(Data excerpts)
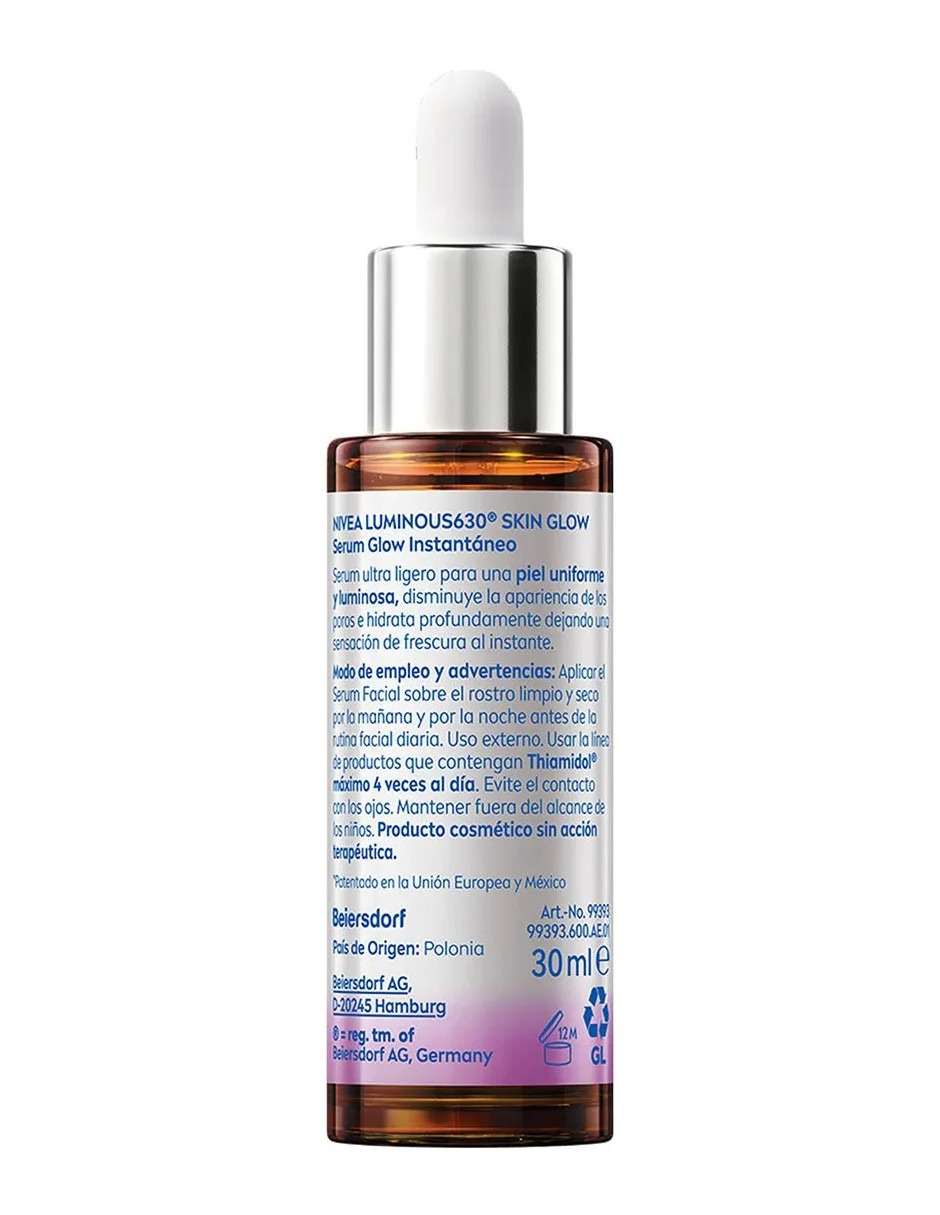 Nivea Serum Glow Instantáneo 30ml Todo Tipo De Piel Día/noche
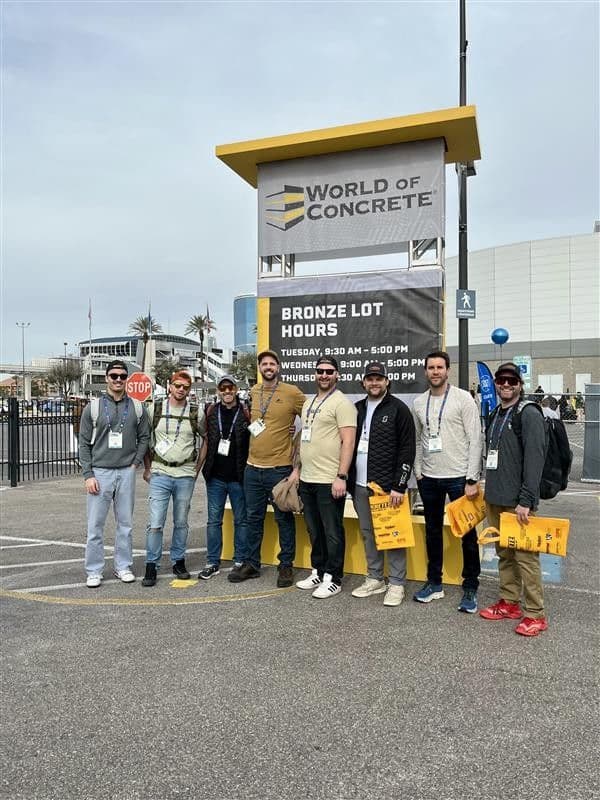 Équipe au World of Concrete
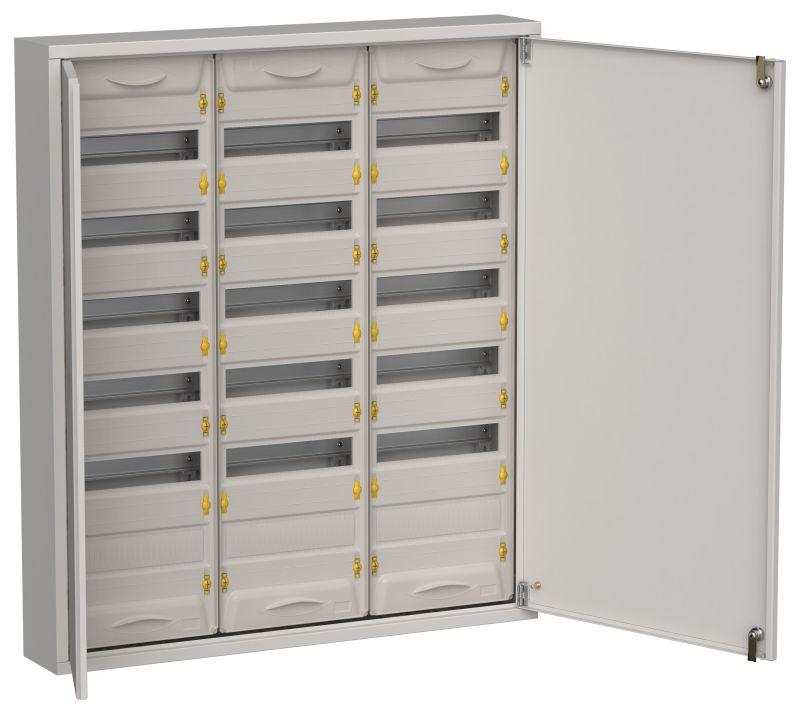 корпус щрн-216 (3х72) titan 5 960х830х140 ip31 метал. сер. iek ti5-50-n-3x072-31-7035 от BTSprom.by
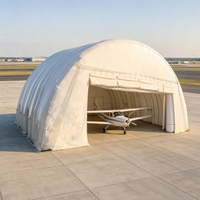 Abri d'aviation gonflable en PVC de haute qualité, sur mesure, quatre saisons, double couche, imperméable, une chambre, pour entrepôt d'avions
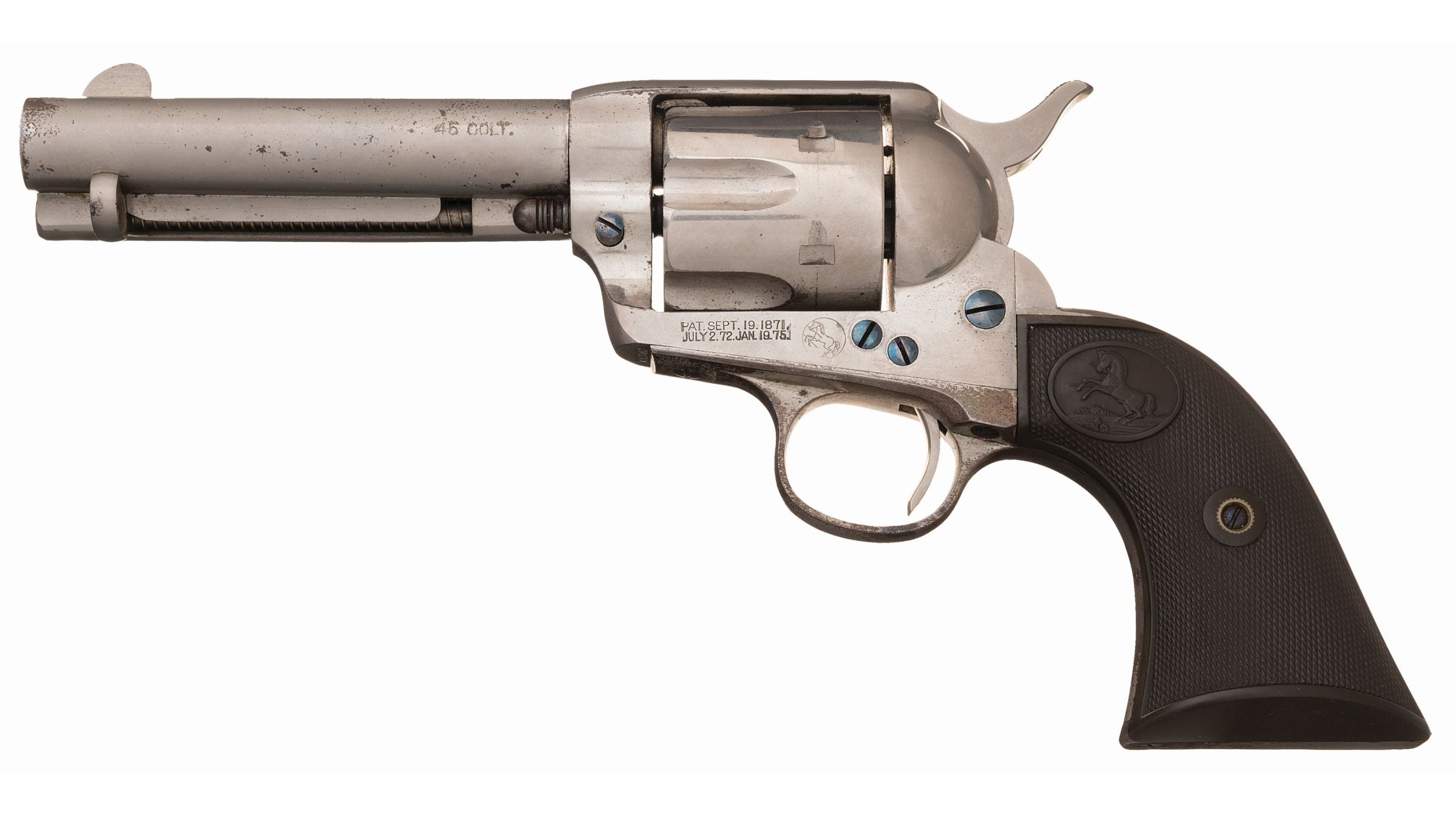 Nickel-Plated First Generation Colt Single Action Army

• _Work request_
Please repeat exactly the lines from the one containing "Équipe au World of Concrete" through the last line of the records, both included, and leave out the pictures.

• _Task result_
 Équipe au World of Concrete
 корпус щрн-216 (3х72) titan 5 960х830х140 ip31 метал. сер. iek ti5-50-n-3x072-31-7035 от BTSprom.by
 Abri d'aviation gonflable en PVC de haute qualité, sur mesure, quatre saisons, double couche, imperméable, une chambre, pour entrepôt d'avions
 Nickel-Plated First Generation Colt Single Action Army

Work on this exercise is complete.